Happy Death Day 2U, on the other hand, opts to revisit the narrative immediately after the events of the first film, and decides that the best thing to do to stretch the surprisingly profitable original into a franchise is to explore the details of why Tree ended up in the time loop in the first place – and that pretty much everything that’s gone sideways here.
Time loop storylines such as this mostly work because it’s a clever narrative device that can be used to inform a very strong and relatable story arc; watch an otherwise unlikable or self-absorbed character become likeable and selfless by being forced to change because of their circumstances, and embracing and taking in the unknown aspects of the wider world around them. Stories like Groundhog Day (or more recently Netflix’s excellent series Russian Doll) don’t feel the need to explore the how’s and why’s of why this is happening to them, because it ultimately doesn’t matter because what’s more important is the emotional journey that the central character is set on.

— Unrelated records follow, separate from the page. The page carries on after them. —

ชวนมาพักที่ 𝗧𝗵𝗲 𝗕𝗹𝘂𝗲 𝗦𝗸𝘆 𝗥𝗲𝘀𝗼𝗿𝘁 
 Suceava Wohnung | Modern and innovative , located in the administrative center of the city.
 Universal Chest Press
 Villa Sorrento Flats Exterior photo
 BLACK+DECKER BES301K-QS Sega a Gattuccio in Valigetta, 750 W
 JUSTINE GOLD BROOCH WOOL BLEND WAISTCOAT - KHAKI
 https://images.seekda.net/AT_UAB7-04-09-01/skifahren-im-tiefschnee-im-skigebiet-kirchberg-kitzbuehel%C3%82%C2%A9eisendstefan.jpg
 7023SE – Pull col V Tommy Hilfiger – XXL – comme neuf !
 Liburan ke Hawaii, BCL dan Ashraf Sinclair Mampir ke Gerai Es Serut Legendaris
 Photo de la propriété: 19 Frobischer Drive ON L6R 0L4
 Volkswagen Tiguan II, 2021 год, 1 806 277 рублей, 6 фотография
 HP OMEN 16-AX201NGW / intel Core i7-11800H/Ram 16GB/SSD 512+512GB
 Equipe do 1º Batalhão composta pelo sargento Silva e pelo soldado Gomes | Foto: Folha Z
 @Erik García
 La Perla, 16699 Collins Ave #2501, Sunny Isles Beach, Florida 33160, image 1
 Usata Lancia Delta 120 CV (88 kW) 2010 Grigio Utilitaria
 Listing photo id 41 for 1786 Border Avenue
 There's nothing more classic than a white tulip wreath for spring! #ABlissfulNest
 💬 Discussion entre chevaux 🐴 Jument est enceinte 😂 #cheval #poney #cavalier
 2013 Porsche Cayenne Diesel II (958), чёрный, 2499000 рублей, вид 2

But here, by turning it from a narrative device into just another plot element concerning the college’s science students experimenting in temporal displacement causing the events in the first place – and everything that tumbles out of that including others getting pulled into the same loop and multiverse theory – it essentially robs the essence of the original narrative by putting it down to an exterior force and putting plot and lore building first.
The explanation to which is daft anyway, but marks the film’s significant genre and tonal shift away from a slasher film into a dark science fiction comedy. That’s not necessarily a bad approach, but it doesn’t really find much more identity because of that and lends itself to some exhausting comedy sequences and montages. Although, the returning crew at least do a decent job at maintaining the same aesthetic.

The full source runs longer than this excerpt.